Tokenizer#

class Tokenizer#

Tokenizer class for encoding and decoding text.

Provides tokenization functionality including pretokenization, encoding, and decoding. Supports loading from HuggingFace model directories.

Public Functions

Tokenizer() noexcept#
~Tokenizer() noexcept = default#
std::vector<Rank> encode(
std::string const &text,
bool addBos = false,
bool addEos = false
) const#

Encode text to token IDs.

Parameters:
  • text – Input text to encode

  • addBos – Whether to add beginning-of-sequence token

  • addEos – Whether to add end-of-sequence token

Throws:

std::runtime_error – if tokenization encounters an error

Returns:

Vector of token IDs

std::string decode(
std::vector<Rank> const &tokens,
bool skipSpecialTokens = false
) const#

Decode token IDs back to text.

Parameters:
  • tokens – Vector of token IDs

  • skipSpecialTokens – Whether to skip special tokens in output

Returns:

Decoded text string (well-formed UTF-8; invalid byte sequences are replaced with U+FFFD via sanitizeUtf8Streaming/Flush)

std::string idToPiece(Rank token, bool skipSpecialTokens = true) const#

Single-token piece lookup for the streaming hot path.

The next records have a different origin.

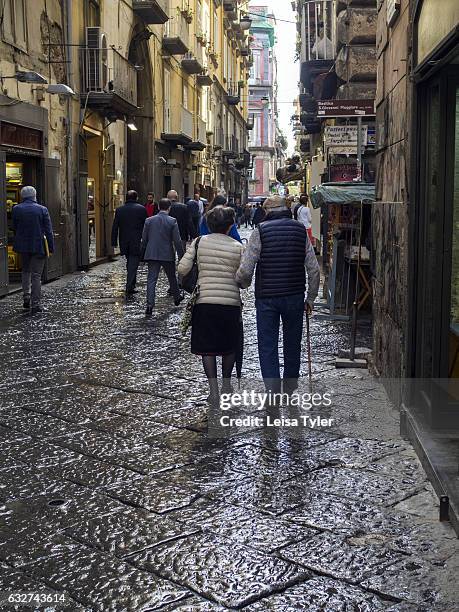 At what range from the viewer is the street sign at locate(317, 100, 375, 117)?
41.6ft

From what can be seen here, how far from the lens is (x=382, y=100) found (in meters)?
7.88

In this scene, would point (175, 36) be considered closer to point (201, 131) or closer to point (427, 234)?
point (201, 131)

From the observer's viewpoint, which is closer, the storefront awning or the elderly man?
the elderly man

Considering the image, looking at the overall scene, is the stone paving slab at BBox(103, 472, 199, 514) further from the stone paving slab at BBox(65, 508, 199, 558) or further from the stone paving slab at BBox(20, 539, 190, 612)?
the stone paving slab at BBox(20, 539, 190, 612)

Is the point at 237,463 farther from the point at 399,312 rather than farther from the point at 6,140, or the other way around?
the point at 6,140

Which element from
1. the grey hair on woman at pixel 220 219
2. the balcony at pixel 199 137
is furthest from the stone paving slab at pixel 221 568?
the balcony at pixel 199 137

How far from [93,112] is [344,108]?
9.04m

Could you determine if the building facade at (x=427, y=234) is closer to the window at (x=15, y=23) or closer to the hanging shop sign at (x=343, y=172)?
the window at (x=15, y=23)

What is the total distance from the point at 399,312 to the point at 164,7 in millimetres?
22278

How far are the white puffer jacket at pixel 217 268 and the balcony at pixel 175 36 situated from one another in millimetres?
23437

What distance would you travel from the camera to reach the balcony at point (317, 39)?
64.6 ft

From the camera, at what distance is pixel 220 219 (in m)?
6.62

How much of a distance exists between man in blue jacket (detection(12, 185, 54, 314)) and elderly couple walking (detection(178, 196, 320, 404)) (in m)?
5.88

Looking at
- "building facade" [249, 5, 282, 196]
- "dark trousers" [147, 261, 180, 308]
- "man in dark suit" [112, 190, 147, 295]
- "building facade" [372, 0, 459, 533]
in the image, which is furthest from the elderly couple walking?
"building facade" [249, 5, 282, 196] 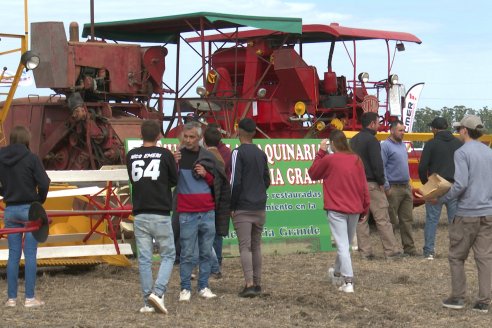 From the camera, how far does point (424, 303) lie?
333 inches

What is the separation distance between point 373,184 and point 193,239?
362 cm

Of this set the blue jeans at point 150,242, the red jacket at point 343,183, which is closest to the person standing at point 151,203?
the blue jeans at point 150,242

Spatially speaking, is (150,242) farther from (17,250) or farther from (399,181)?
(399,181)

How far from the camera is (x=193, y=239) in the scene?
838 cm

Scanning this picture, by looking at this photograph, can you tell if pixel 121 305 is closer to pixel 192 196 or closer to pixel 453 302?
pixel 192 196

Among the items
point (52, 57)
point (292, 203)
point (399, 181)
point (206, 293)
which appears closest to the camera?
point (206, 293)

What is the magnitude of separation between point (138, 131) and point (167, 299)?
577 cm

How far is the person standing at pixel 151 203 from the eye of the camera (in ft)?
25.5

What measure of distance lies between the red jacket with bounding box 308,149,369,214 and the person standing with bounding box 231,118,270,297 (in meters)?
0.65

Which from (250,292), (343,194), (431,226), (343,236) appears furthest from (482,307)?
(431,226)

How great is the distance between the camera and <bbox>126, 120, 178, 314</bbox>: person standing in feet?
25.5

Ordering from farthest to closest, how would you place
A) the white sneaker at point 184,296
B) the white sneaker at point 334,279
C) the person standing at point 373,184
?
the person standing at point 373,184 → the white sneaker at point 334,279 → the white sneaker at point 184,296

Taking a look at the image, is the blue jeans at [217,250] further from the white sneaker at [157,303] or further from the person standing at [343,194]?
the white sneaker at [157,303]

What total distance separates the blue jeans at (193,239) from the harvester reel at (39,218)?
Result: 1161 mm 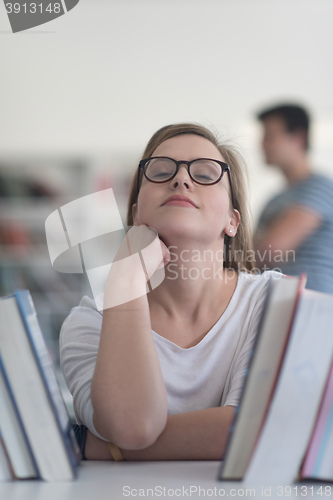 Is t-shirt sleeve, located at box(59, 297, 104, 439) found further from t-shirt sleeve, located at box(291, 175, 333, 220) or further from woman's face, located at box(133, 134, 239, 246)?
t-shirt sleeve, located at box(291, 175, 333, 220)

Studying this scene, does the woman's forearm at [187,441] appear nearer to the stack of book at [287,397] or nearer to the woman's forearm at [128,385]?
the woman's forearm at [128,385]

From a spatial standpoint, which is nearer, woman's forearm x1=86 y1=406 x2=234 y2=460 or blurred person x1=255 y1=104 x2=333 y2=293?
woman's forearm x1=86 y1=406 x2=234 y2=460

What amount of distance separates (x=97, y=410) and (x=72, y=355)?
0.23m

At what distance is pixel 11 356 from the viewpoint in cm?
50

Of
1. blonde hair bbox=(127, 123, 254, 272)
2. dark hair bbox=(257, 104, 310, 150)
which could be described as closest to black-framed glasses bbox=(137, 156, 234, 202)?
blonde hair bbox=(127, 123, 254, 272)

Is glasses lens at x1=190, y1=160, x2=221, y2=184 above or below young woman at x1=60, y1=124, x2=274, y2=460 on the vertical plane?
above

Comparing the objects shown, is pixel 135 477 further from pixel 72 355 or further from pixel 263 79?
pixel 263 79

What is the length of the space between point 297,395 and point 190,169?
2.13 ft

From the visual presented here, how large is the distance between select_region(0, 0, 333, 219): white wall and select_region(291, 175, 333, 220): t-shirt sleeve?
94.7 inches

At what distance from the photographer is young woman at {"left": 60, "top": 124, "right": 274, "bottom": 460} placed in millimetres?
649

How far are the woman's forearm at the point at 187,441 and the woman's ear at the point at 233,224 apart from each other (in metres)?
0.55

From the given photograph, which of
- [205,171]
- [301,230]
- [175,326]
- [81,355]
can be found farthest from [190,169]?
[301,230]

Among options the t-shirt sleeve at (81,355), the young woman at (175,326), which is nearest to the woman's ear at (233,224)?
the young woman at (175,326)

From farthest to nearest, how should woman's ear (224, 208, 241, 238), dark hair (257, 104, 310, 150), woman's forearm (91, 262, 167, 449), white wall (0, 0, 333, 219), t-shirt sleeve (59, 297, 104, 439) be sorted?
white wall (0, 0, 333, 219) → dark hair (257, 104, 310, 150) → woman's ear (224, 208, 241, 238) → t-shirt sleeve (59, 297, 104, 439) → woman's forearm (91, 262, 167, 449) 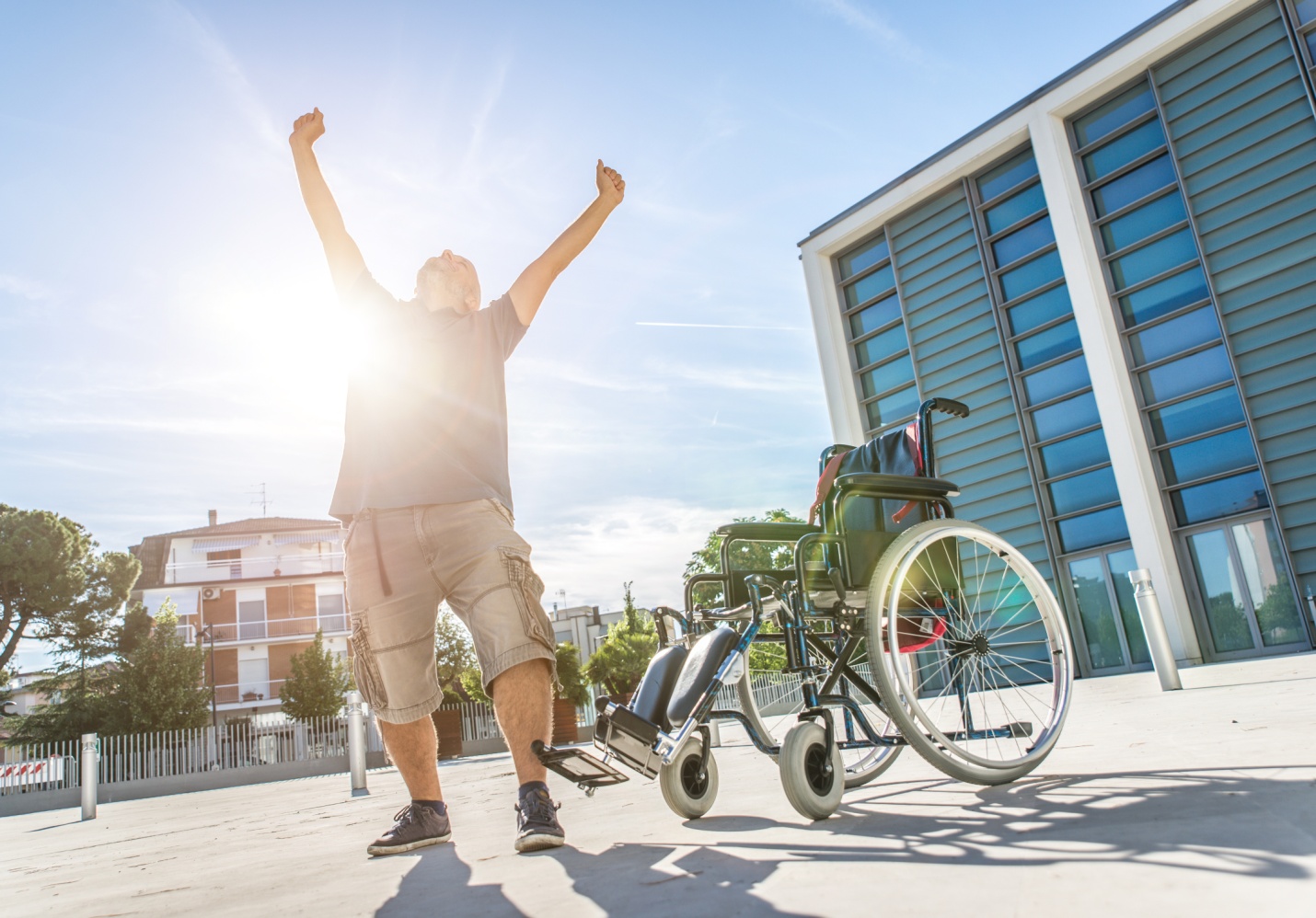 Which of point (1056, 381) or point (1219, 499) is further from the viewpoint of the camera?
point (1056, 381)

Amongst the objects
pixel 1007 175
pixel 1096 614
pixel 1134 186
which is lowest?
pixel 1096 614

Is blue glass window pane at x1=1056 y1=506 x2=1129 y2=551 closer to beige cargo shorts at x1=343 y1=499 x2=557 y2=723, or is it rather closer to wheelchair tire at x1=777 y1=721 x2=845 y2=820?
wheelchair tire at x1=777 y1=721 x2=845 y2=820

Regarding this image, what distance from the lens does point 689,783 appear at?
7.67ft

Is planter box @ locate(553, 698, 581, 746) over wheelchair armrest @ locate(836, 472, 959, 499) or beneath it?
beneath

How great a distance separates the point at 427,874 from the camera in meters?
1.79

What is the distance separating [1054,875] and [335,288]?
245 centimetres

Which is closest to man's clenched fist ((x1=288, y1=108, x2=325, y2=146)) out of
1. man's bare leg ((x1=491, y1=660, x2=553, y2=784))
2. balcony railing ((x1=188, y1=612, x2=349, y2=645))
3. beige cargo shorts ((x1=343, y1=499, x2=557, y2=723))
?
beige cargo shorts ((x1=343, y1=499, x2=557, y2=723))

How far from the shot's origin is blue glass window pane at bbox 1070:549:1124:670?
12766 mm

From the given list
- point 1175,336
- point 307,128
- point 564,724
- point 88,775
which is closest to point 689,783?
point 307,128

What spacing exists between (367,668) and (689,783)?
96 cm

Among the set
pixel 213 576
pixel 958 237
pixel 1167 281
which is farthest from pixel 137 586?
pixel 1167 281

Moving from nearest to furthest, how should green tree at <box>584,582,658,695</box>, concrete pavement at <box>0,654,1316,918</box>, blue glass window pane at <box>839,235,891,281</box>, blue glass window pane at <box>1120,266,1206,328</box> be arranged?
1. concrete pavement at <box>0,654,1316,918</box>
2. blue glass window pane at <box>1120,266,1206,328</box>
3. blue glass window pane at <box>839,235,891,281</box>
4. green tree at <box>584,582,658,695</box>

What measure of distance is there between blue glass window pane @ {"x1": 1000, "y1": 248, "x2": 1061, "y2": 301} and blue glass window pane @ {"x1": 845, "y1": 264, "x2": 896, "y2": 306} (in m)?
2.16

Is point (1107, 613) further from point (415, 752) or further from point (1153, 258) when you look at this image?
point (415, 752) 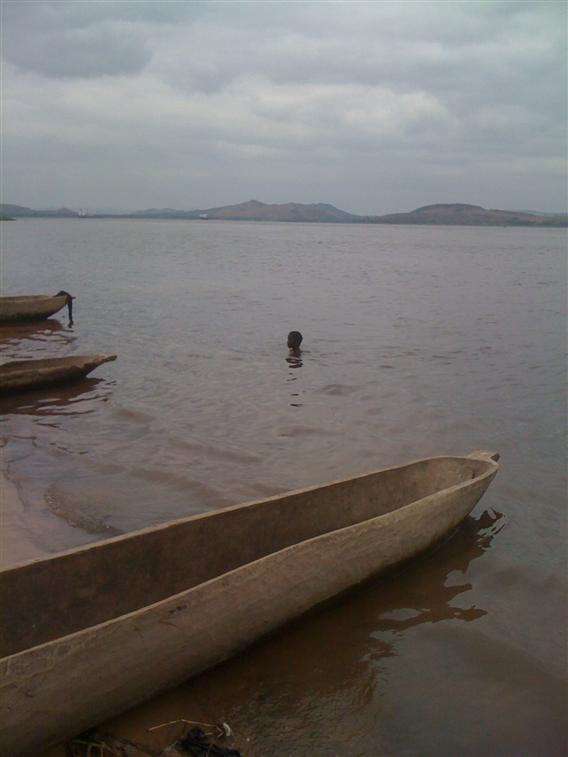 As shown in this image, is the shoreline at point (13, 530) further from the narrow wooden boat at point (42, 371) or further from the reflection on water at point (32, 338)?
the reflection on water at point (32, 338)

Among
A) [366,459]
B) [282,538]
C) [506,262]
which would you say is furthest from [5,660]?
[506,262]

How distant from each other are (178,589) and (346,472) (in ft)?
10.3

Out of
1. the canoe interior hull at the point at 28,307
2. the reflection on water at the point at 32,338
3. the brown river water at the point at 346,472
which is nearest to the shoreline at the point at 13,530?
the brown river water at the point at 346,472

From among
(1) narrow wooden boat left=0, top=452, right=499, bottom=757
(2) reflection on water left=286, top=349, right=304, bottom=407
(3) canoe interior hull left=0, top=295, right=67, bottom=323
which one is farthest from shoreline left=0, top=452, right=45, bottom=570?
(3) canoe interior hull left=0, top=295, right=67, bottom=323

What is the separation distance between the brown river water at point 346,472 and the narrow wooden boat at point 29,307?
33 cm

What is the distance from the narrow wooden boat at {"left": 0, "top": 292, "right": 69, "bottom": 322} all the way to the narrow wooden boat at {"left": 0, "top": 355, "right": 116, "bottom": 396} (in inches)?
280

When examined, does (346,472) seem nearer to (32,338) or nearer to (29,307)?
(32,338)

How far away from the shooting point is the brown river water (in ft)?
11.7

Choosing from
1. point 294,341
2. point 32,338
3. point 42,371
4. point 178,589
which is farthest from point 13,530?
point 32,338

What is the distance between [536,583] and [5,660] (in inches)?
144

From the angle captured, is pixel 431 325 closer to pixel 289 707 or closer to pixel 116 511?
pixel 116 511

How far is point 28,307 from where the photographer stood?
54.1ft

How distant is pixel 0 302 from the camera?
16.1 meters

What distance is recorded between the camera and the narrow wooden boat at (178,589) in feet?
9.53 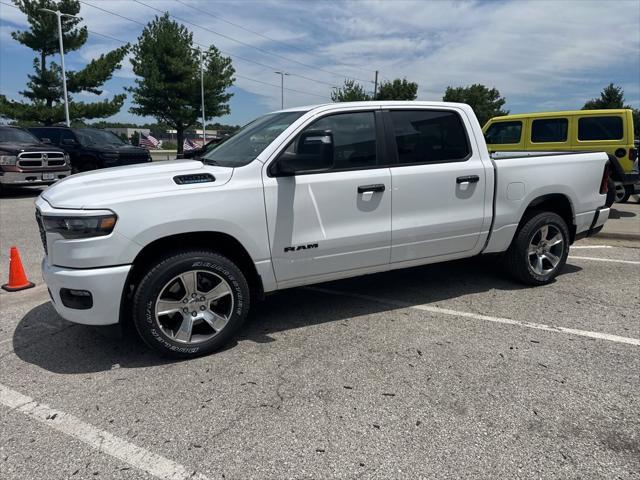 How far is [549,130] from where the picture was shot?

Forwards to TokenEncoder::getRankToken with the skip-special policy applied. Returns an empty string when the token is a special token and skipSpecialTokens=true, or when rank is unknown (matches the silent-skip semantics of decode()).

Parameters:
  • token – Token ID (Rank).

  • skipSpecialTokens – Skip special tokens (BOS/EOS/etc).

Returns:

Raw piece bytes (possibly not independently valid UTF-8) or “”.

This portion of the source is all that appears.